__Exercise objective__:
Produce an exact transcription of the data, with the images left out.

#### Data segment ####

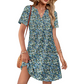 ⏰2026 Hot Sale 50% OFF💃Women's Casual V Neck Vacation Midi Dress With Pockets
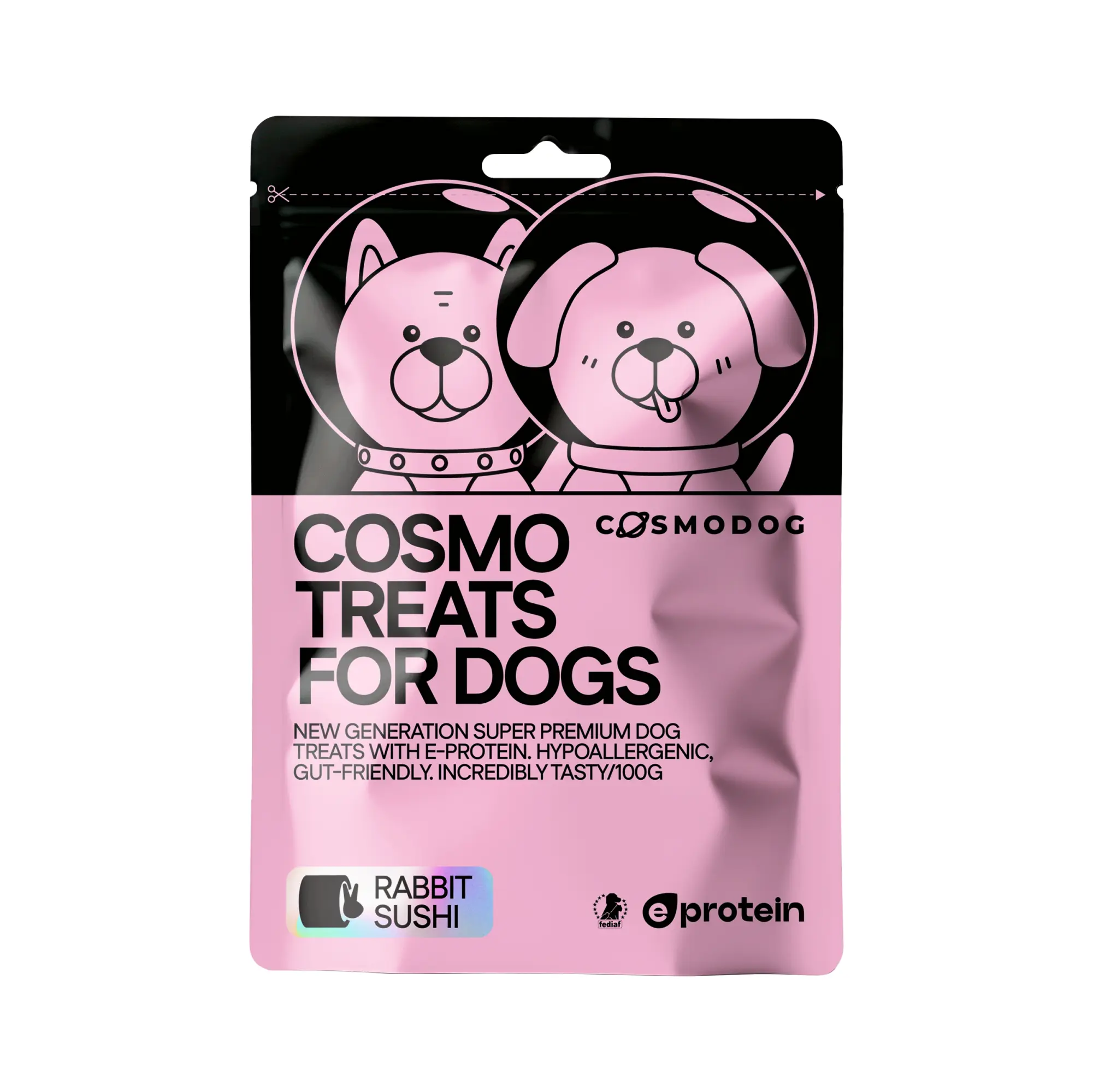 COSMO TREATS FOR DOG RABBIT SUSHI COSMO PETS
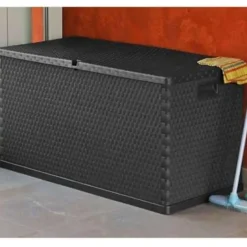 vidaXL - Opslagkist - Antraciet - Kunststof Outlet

####

__Task solution__:
 ⏰2026 Hot Sale 50% OFF💃Women's Casual V Neck Vacation Midi Dress With Pockets
 COSMO TREATS FOR DOG RABBIT SUSHI COSMO PETS
 vidaXL - Opslagkist - Antraciet - Kunststof Outlet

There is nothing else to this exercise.